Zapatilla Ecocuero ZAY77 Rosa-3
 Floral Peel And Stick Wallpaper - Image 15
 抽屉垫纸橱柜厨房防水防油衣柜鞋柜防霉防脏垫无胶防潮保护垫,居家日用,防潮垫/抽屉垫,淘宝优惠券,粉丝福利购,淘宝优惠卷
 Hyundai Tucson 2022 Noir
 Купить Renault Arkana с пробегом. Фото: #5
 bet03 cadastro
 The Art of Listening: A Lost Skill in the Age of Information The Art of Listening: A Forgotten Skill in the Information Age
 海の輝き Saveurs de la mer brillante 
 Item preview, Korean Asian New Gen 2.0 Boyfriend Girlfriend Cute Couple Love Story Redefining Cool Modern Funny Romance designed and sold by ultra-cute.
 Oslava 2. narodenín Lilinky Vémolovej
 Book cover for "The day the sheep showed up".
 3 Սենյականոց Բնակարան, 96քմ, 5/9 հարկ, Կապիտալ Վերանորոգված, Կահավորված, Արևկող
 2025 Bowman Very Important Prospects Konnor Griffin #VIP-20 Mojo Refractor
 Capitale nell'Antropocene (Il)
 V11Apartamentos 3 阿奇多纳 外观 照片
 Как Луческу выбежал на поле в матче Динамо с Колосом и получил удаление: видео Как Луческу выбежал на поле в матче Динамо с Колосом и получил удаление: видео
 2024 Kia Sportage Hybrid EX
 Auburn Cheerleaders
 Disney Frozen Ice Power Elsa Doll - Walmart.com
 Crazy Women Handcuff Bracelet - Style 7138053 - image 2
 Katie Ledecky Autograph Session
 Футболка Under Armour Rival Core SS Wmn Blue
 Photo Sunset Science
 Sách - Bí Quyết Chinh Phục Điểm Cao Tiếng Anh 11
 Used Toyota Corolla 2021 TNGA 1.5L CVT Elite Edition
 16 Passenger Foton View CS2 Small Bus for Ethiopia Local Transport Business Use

────

[Task] Send back an exact copy of only the lines from the line with "Book cover for" up to and including the line with "Capitale nell'Antropocene (Il)" in the data above.

[Result]
 Book cover for "The day the sheep showed up".
 3 Սենյականոց Բնակարան, 96քմ, 5/9 հարկ, Կապիտալ Վերանորոգված, Կահավորված, Արևկող
 2025 Bowman Very Important Prospects Konnor Griffin #VIP-20 Mojo Refractor
 Capitale nell'Antropocene (Il)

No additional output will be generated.